Unfortunately, the experiences you are encountering with cold start conditions and shifting are inherent to the first generation design of the 6T40. Best suggestion is to let the vehicle warm up for 2-5 minutes, which will increase the oil temp in the transmission. 

Customer feedback on this issue has been duly noted and is being corrected in next generation.


----------



## Aeroscout977 (Nov 25, 2010)

^ Don't see that on every forum nice =D


----------



## GM_6T40_Trans_Engineer (Feb 26, 2011)

JDM-USDM Love said:


> ^ Don't see that on every forum nice =D


Well, because we DO care.


----------



## TSURacing (Jan 1, 2011)

GM_6T40_Trans_Engineer said:


> Well, because we DO care.


Its awesome to have you aboard thanks!
What can you tell us about the reflash that is being performed per the TSB. Is this the same parameters that are currently being programmed on production Cruzes? Or is this a unique set of parameters that specifically address customers issues with harsh shifting?

If this is what is currently being built at Lordstown, what was the production cut-off date so people could determine if the reflash would improve their issues?

Is there ongoing work to further refine the TCM program?


----------



## robertbick (Jan 1, 2011)

Sweeeeet. An Engineer that knows what he's talking about!


----------



## fastdriver (Jan 7, 2011)

GM_6T40_Trans_Engineer said:


> Unfortunately, the experiences you are encountering with cold start conditions and shifting are inherent to the first generation design of the 6T40. Best suggestion is to let the vehicle warm up for 2-5 minutes, which will increase the oil temp in the transmission.
> 
> Customer feedback on this issue has been duly noted and is being corrected in next generation.

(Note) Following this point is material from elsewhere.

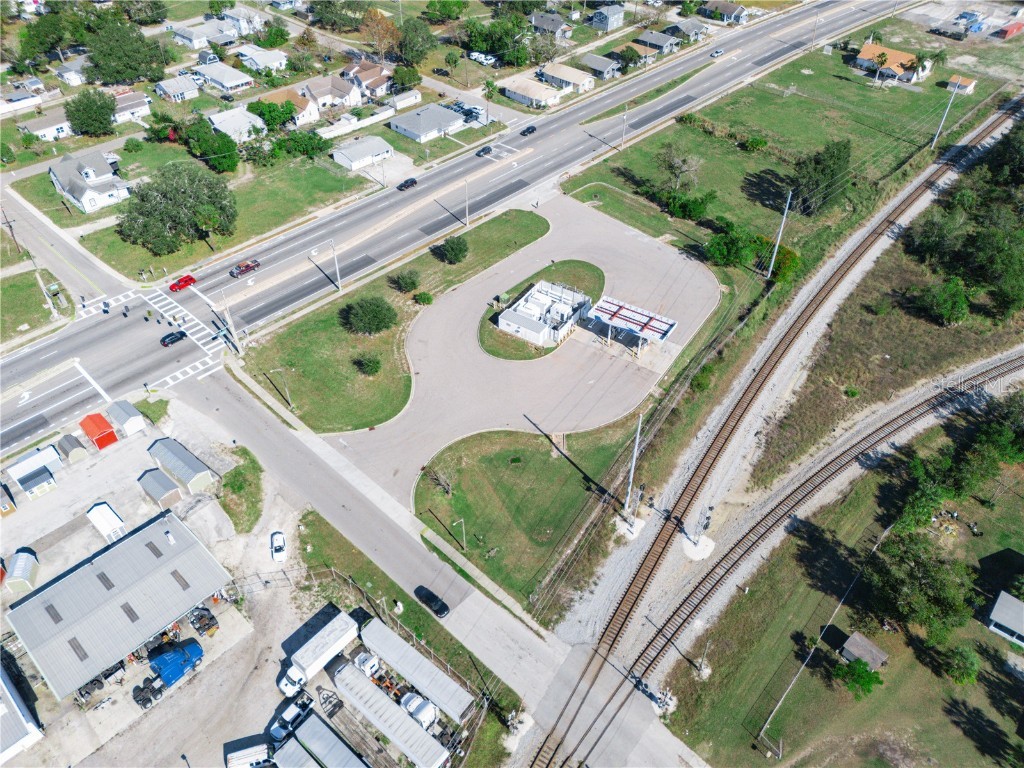 1009 E Canal Street Mulberry FL 33860 P4937475 image8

*SADL*Y, this issue *SHOULD* have been noticed in Chevy's *FOUR MILLION MILES* of "testing"!

Why should ANYONE have to wait for the "next generation"?


----------



## 70AARCUDA (Nov 14, 2010)

...and, wasn't 2008 the _first_ generation for the 6T40, when it was _first_ used on the Malibu?

...that'd imply we're already up to the *2nd* or *3rd* generation 6T40...or, we _should_ be?


----------